運用の例として、横浜市「横浜市保育所児童保育要録の取扱い・記入について」では、原本を園で保管し、小学校へは写しを送付、原本は小学校卒業まで(6年間)保存すると定めています。ただしこれはあくまで一つの自治体の例で、地域によって扱いは変わります。自分の園と自治体のルールを、必ず確認してください。
書き始める前の準備 日々の記録・個人記録を要録につなぐ
要録の前で手が止まる一番の理由は、書く技術というより「材料が手元にない」ことだったりします。1年間の育ちを、年度末に記憶だけで思い出そうとするから、真っ白な様式が重く感じるのです。
だから、要録づくりは3月に始まるのではありません。毎日の記録や個人記録、そして指導計画(指導案)や毎月の月案の積み重ねが、そのまま要録の材料になります。次のようなものを見返すと、書く言葉が見つかります。
- 個人記録や発達の記録(月ごと・期ごとに残してきたもの)
- 連絡帳の控えや、日々の保育日誌で「印象に残った場面」を書いた部分
- 行事や活動での、その子の変化のエピソード
これらを読み返し、「この子は1年でどこが伸びたか」を先に一言でメモしてから、様式に向かう。その順番にするだけで、手の止まる時間がぐっと減ります。完璧な文章を最初から書こうとせず、まずは見たことのメモから始めて大丈夫です。

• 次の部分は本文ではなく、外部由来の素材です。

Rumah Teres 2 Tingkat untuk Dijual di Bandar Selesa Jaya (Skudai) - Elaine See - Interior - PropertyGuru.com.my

参考: こども家庭庁「保育所児童保育要録に記載する事項」、厚生労働省「保育所保育指針」(平成29年告示・平成30年適用)
この記事についてよくある質問
保育所児童保育要録は誰が書くのですか?
最終年度(5歳児・年長)クラスの担任が書きます。こども家庭庁「保育所保育指針の適用に際しての留意事項について」により、施設長の責任のもとで作成し、様式には施設長の氏名と担当保育士の氏名を書く欄があります。担任ひとりで抱え込む書類ではありません。
いつ書いて、いつ小学校へ提出するのですか?
就学に向けて年度末に作成し、こども家庭庁「保育所保育指針の適用に際しての留意事項について」に基づき、抄本または写しを就学先の小学校へ送ります。提出の時期は多くの園で1〜3月ごろとされますが、全国一律の決まった日はなく、園や自治体のスケジュールに合わせます。
「10の姿」は10項目すべてを埋めるのですか?
いいえ。こども家庭庁「幼児期の終わりまでに育ってほしい姿について」によれば、10の姿は到達すべき目標ではなく、すべての子どもに同じように見られるものでもありません。項目ごとに埋めるのではなく、その子の育ちを全体的・総合的に捉え、見えた姿を書くための手がかりとして使います。
「できないこと」を書いてもいいのですか?
こども家庭庁「保育所児童保育要録に記載する事項」のとおり、他の子との比較や、できる・できないの評定で書くものではありません。「まだ〇〇できない」ではなく、「〇〇に向かって育ちつつある姿」として、小学校の指導に生かせるように書きます。
要録の保存期間はどれくらいですか?
国の基準(こども家庭庁「保育所保育指針の適用に際しての留意事項について」)では、写し(抄本)を送付し、原本は保育所で子どもが小学校を卒業するまで保存することが望ましいとされていますが、法的な義務ではないため、具体的な保存年数や手順は市町村(自治体)や園が定めます。お住まいの自治体・園の定めに従ってください。例えば横浜市「横浜市保育所児童保育要録の取扱い・記入について」では、原本を園で保管し小学校へは写しを送付、原本を6年間保存すると定めています。